Pentagon officials respond that measuring hourly flying costs for aircraft fleets that have not reached 100,000 flying hours is problematic, because sorties become more frequent after that point; Ahern also said some improvements have been made since the 2008 testing, and added: "We're going to get better." He said the F-22s are on track to meet all of what the Air Force calls its KPP -- key performance parameters -- by next year.

But last Nov. 20, John J. Young Jr., who was then undersecretary of defense and Ahern's boss, said that officials continue to struggle with the F-22's skin. "There's clearly work that needs to be done there to make that airplane both capable and affordable to operate," he said.

When Gates decided this spring to spend $785 million on four more planes and then end production of the F-22, he also kept alive an $8 billion improvement effort. It will, among other things, give F-22 pilots the ability to communicate with other types of warplanes; it currently is the only such warplane to lack that capability.

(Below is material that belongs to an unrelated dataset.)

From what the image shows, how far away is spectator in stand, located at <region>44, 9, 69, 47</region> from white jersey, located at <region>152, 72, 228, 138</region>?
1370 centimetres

The cancellation decision got public support from the Air Force's top two civilian and military leaders, who said the F-22 was not a top priority in a constrained budget. But the leaders' message was muddied in a June 9 letter from Air Combat Cmdr. John D.W. Corley to Chambliss that said halting production would put "execution of our current national military strategy at high risk in the near to mid-term." The right size for the fleet, he said, is 381.

Fatal Test Flight

One of the last four planes Gates supported buying is meant to replace an F-22 that crashed during a test flight north of Los Angeles on March 25, during his review of the program. The Air Force has declined to discuss the cause, but a classified internal accident report completed the following month states that the plane flew into the ground after poorly executing a high-speed run with its weapons-bay doors open, according to three government officials familiar with its contents. The Lockheed test pilot died.

Several sources said the flight was part of a bid to make the F-22 relevant to current conflicts by giving it a capability to conduct precision bombing raids, not just aerial dogfights. The Air Force is still probing who should be held accountable for the accident.

Staff writer Ellen Nakashima contributed to this report.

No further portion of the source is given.